This repo is not a polished library or a finished survey.
It is a place where I collect working notes, small experiments, and mental maps around making models run fast (training, inference, and serving).
- MLSoC.md: ML training + inference on SoCs (non-CUDA landscape) — Vulkan/Kompute, Metal/Core ML/MLX, LiteRT (ex‑TFLite), ExecuTorch, ONNX Runtime, TVM/IREE, ncnn; kernel libs (XNNPACK, oneDNN, Arm Compute Library/Arm NN, CMSIS‑NN, KleidiAI); plus vendor stacks (Qualcomm QNN, TI TIDL, NXP eIQ, etc.) and NNAPI deprecation/migration notes.

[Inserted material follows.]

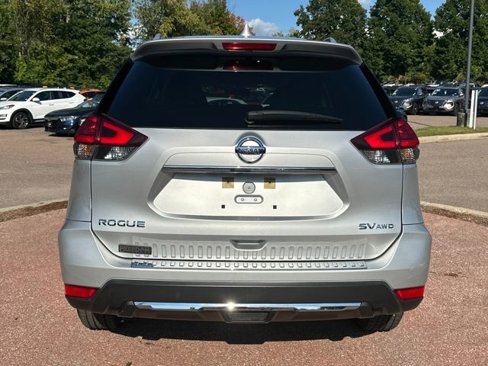 Used 2017 Nissan Rogue SV w/ SV Premium Package image 4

- OptimizingModels.md: a two-layer view of optimization:
- Model-level: PTQ/QAT quantization (INT8/INT4/FP8/NVFP4), pruning/sparsity, distillation, low-rank/adapters
- Deployment + serving: NVIDIA Model Optimizer (ModelOpt) + TensorRT‑LLM, OpenVINO/NNCF, TorchAO/PT2E, ONNX Runtime, LiteRT, TVM, ncnn; plus “systems wins” (continuous batching, paged KV, chunked prefill, prefix cache) and kernel ecosystems (FlashAttention / FlashInfer).

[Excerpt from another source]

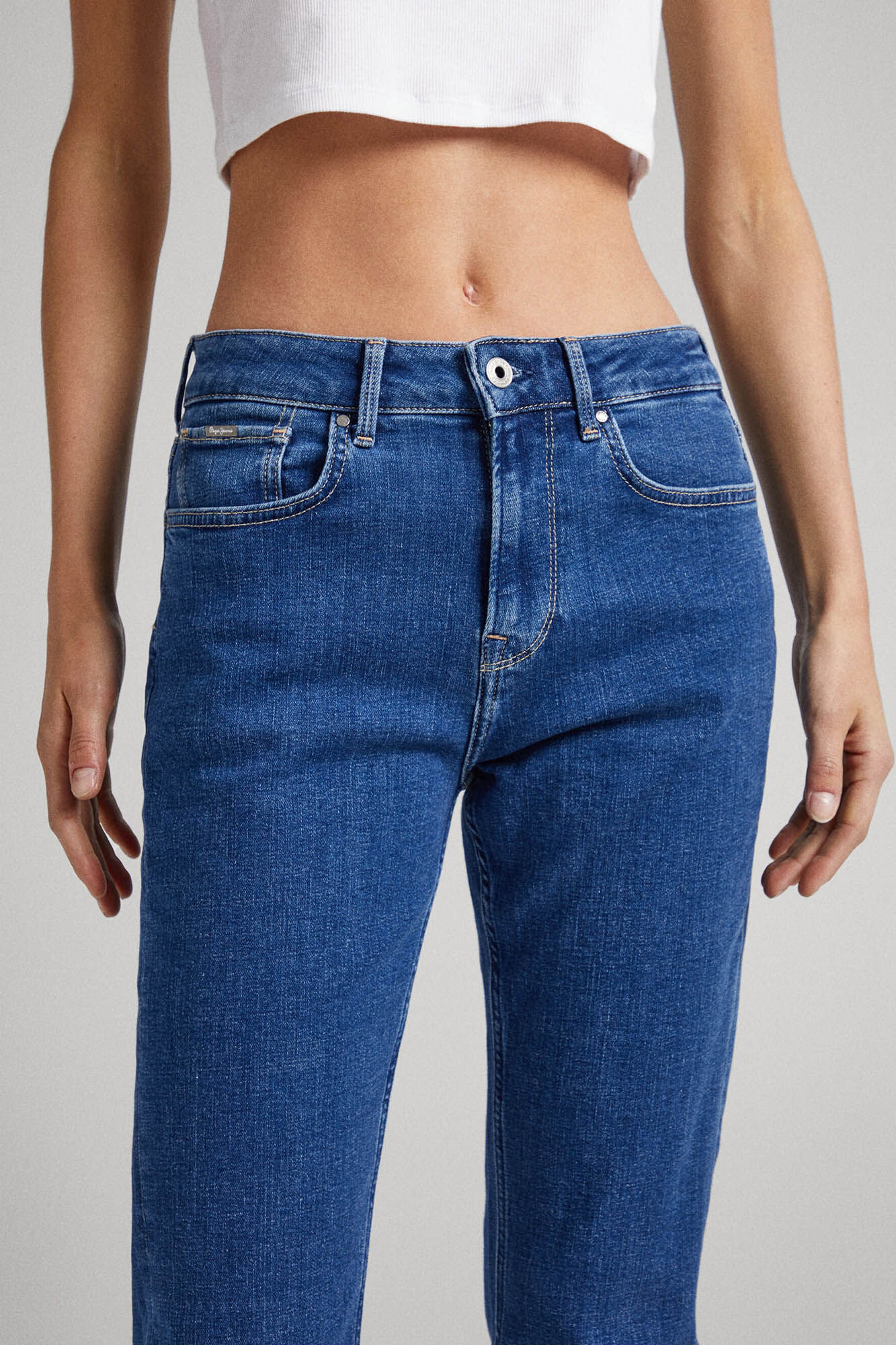 Calça jeans Mary de cintura alta e corte regular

- ModelOptDeepDive.md: deeper dive into the “what actually moves latency/throughput” stack for foundation models — weight quant (INT4/INT8/FP8/NVFP4), KV-cache compression/quantization, sparse kernels (incl. 2:4), speculative + multi-token decoding, and high-impact serving kernels/engines (vLLM, TensorRT‑LLM, TGI, SGLang).

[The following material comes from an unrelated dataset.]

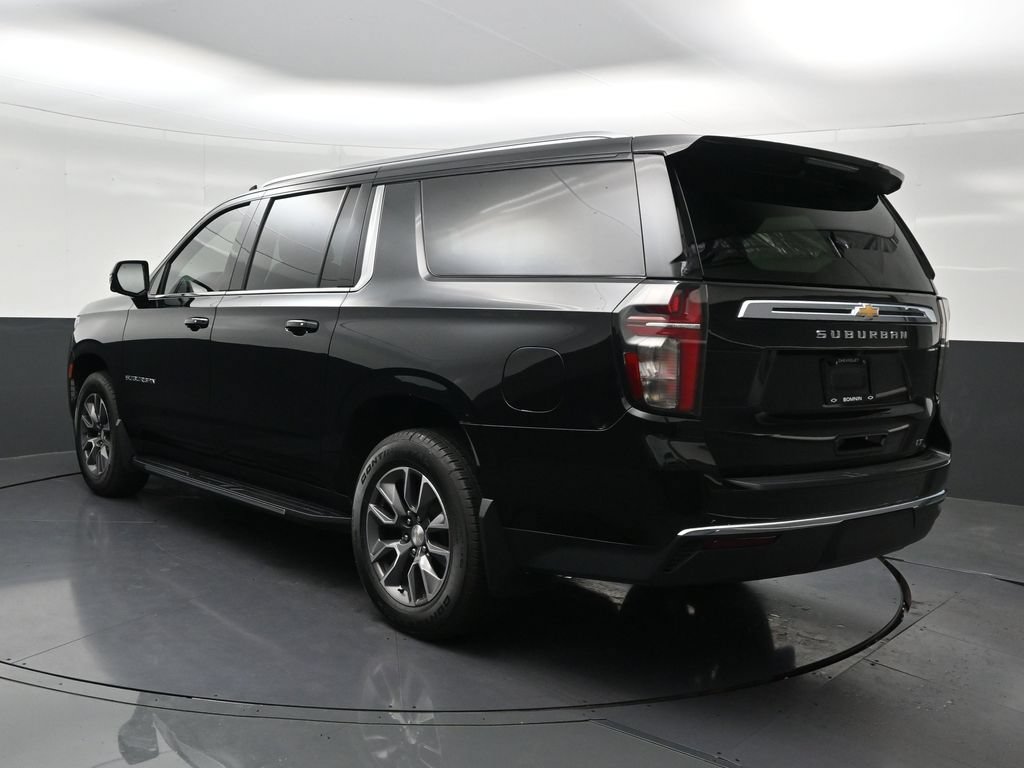 Used 2022 Chevrolet Suburban LT w/ Luxury Package RWD image 3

- PrunaAI.md: dedicated note on Pruna.ai as an end-to-end model optimization layer (compression search, PTQ/QAT, pruning, distillation, exports, eval loops), with caveats + “what model families it tends to crush”, and comparisons to similar frameworks (ModelOpt, OpenVINO/NNCF, INC, Olive, TorchAO, Optimum, LLM Compressor, etc.).
Working pipelines that apply techniques from the notes above:
End-to-end optimization pipeline for 2toINF/X-VLA-Libero X-VLA model:
| Technique | Result |
|---|---|
| 2:4 Structured Pruning | 1.02x (dense storage in PyTorch) |
| ModelOpt FP8 Quantization | 0.78x (fake quant overhead) |
| TensorRT FP16 + Sparse | 2.11x policy speedup |
Key findings:
- VLM dominates E2E latency (~71%), capping overall gains to ~1.17x
- PyTorch semi-structured sparsity has overhead; real acceleration requires TensorRT kernels
- TensorRT provides the most practical speedup path (for NVIDIA targets)
Scripts: calibration data generation, pruning + quantization build, benchmarking, inference testing.
Benchmarking harness for X-VLA on LIBERO simulation with inference optimizations:
- AMP autocast (bf16/fp16)
- TF32 tensor cores
- Flash SDP attention
- Policy-only latency measurement (isolates model speed from simulation)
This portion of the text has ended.